What is required:
In the data below, begin at the line with "Пуловер с капюшоном" and stop after the line with "Apartamento de 3"; output those lines exactly and no pictures.

Data for review:

══════════════════════════════

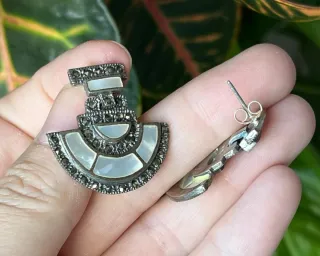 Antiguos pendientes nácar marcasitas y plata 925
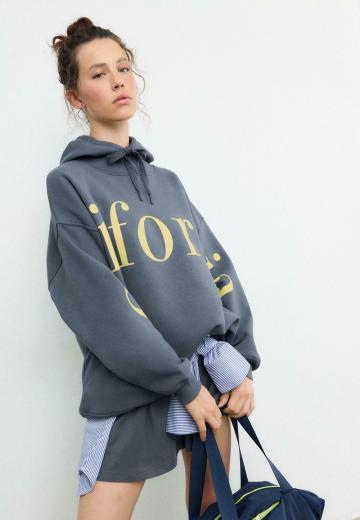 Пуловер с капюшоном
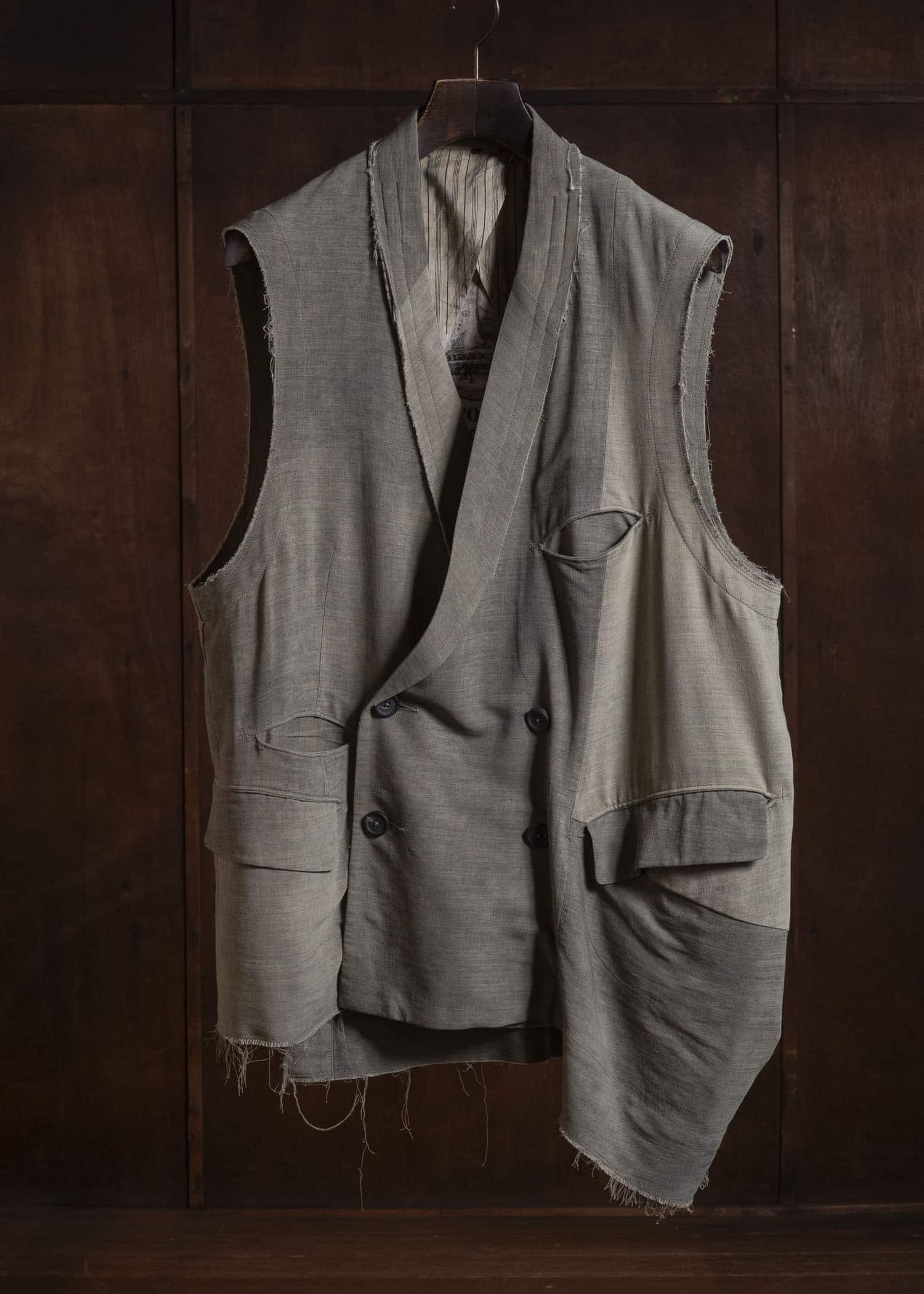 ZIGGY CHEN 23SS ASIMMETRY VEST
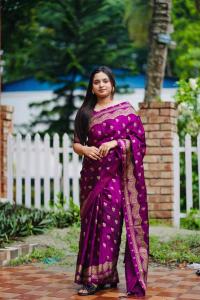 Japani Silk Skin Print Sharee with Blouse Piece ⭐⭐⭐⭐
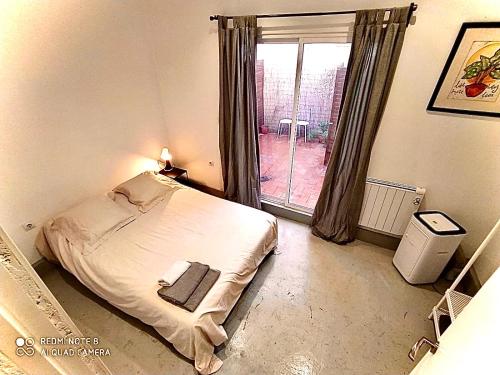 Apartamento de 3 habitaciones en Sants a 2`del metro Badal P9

══════════════════════════════

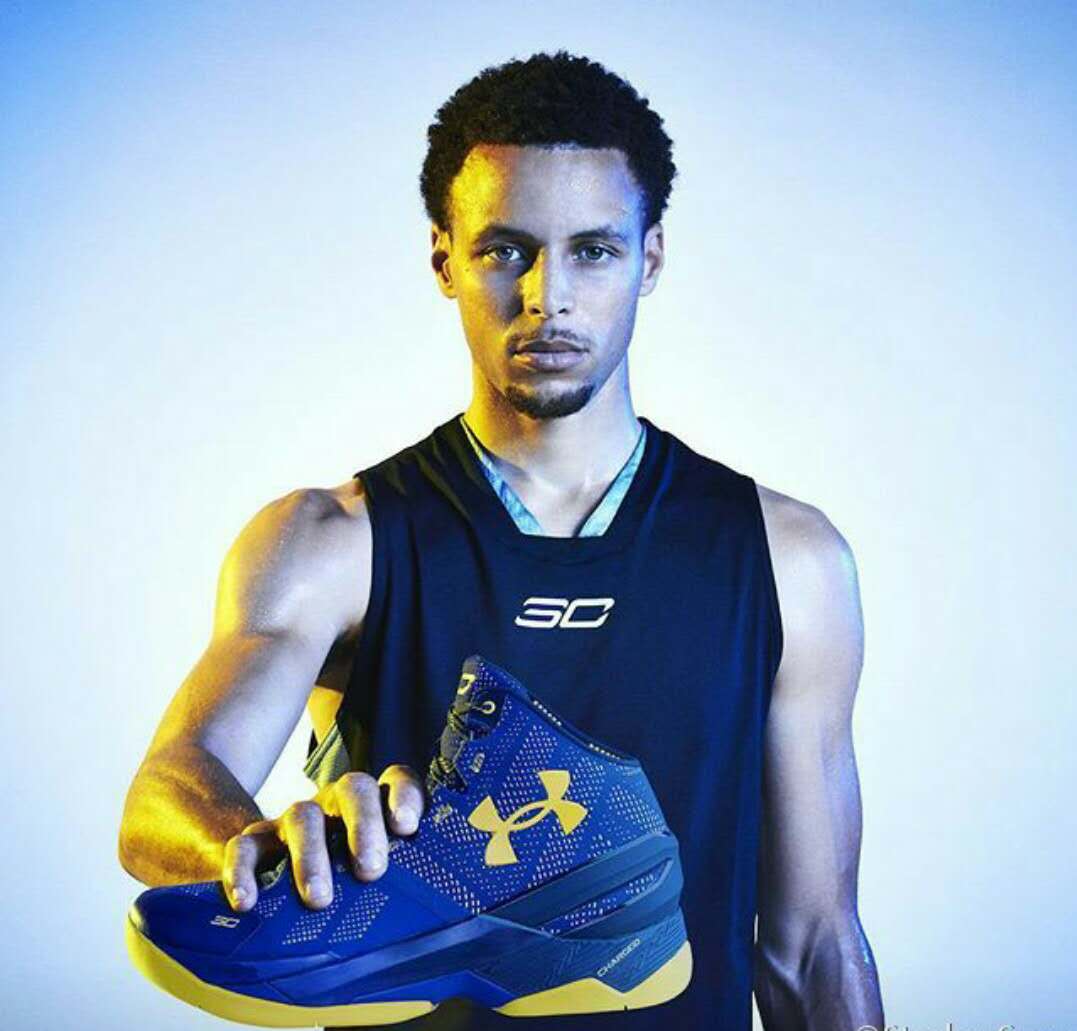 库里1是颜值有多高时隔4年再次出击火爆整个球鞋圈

══════════════════════════════

Solution to the problem:
 Пуловер с капюшоном
 ZIGGY CHEN 23SS ASIMMETRY VEST
 Japani Silk Skin Print Sharee with Blouse Piece ⭐⭐⭐⭐
 Apartamento de 3 habitaciones en Sants a 2`del metro Badal P9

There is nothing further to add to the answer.